日本も欧米のように国家分断となるリスクも

外国人労働者の取り扱いについては各国とも苦労しており、全体的に、新たに入国する人材については、自国に適応できる人材に特化する、既に自国にいる人材については自国に円滑に溶け込めるようにするという方向性で話が進んでいる。つまり、自国にはコントロール可能な範囲でしか受け入れないという形である。

一方で、日本では、人手不足が深刻化するなか、なし崩し的に広がってきているという現状がある。こうした状況は、日本にとっても、外国人にとっても不幸である。両者が安心して生活を送るためには、まずは体制整備が必要であり、それが未整備なままで進めることは、欧米のように国家分断となるリスクがあることは十分留意すべきである。拙速となることなく、十分に制度的な対応を行いながら、丁寧に進めるべき話である。
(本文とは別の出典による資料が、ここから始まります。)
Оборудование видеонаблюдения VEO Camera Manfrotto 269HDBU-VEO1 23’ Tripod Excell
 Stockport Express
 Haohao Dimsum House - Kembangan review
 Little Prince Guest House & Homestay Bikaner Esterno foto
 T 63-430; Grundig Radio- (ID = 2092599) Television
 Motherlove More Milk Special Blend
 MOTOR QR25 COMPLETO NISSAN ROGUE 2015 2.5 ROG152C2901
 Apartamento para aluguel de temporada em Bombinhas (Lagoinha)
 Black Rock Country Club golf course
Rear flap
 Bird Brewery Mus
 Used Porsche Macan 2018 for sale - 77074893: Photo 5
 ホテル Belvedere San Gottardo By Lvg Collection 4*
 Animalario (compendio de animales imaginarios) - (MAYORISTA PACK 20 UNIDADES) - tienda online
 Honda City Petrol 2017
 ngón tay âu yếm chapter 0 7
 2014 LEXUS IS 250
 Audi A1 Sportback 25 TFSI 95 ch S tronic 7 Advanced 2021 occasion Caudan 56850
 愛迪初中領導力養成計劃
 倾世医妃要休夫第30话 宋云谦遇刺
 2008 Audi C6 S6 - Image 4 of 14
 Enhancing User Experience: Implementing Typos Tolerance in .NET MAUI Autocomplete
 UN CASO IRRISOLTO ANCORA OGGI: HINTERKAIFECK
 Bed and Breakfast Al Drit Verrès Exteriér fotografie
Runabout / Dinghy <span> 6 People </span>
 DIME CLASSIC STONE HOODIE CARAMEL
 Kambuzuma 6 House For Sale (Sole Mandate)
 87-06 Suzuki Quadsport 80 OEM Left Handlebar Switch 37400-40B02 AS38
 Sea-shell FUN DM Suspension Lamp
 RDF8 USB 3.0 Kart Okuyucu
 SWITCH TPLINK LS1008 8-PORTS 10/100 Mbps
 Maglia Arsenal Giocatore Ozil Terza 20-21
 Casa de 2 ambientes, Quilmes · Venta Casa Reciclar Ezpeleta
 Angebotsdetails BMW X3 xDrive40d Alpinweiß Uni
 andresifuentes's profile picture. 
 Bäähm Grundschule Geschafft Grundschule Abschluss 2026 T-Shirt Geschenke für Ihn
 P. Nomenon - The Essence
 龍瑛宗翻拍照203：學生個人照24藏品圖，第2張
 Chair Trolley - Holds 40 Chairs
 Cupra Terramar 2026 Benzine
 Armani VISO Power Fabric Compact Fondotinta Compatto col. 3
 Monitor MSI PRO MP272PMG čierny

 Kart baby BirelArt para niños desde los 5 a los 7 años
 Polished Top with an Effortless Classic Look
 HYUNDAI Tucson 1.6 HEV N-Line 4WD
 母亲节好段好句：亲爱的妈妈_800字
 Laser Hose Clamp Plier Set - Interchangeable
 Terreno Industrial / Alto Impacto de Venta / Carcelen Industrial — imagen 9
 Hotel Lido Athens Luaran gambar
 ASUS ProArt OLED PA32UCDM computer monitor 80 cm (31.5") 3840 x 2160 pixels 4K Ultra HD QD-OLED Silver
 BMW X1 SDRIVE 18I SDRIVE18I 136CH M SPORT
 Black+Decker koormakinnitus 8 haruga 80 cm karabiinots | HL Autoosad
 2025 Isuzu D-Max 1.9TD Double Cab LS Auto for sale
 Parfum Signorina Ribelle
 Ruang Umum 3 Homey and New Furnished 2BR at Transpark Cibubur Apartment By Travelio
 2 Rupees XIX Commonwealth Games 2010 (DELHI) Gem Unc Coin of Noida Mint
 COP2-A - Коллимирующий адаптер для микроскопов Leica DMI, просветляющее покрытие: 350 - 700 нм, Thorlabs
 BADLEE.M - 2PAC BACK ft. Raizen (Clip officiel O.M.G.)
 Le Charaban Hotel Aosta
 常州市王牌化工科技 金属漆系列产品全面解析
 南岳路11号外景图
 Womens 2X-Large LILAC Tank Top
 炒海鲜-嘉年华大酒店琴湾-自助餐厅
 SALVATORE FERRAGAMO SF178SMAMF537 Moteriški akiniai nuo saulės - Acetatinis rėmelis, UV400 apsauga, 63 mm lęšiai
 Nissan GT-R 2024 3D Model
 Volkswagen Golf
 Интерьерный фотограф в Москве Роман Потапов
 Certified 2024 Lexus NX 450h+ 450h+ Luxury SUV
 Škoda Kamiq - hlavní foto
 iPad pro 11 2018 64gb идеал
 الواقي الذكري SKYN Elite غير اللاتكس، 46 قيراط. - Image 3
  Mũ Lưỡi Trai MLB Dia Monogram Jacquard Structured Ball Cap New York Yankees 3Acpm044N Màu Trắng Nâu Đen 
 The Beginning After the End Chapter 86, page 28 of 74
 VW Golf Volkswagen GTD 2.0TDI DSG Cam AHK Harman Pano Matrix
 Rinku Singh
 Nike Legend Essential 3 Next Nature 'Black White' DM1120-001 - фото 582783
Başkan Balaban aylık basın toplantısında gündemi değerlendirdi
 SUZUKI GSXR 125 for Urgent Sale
移民問題でよく指摘される警句がある。スイスの作家のマックス・フリッシュの「我々は労働力を呼んだが、やって来たのは人間だった」である。人々は低賃金かつ手頃な労働力を期待して外国から人々を招く。しかしながら、彼らは人間である。日本に適合できるかは、その人の個性のほか、日本の態勢によるところも大きい。海外から来る労働者は「人間」であることを考えて、この問題を考えなければならない。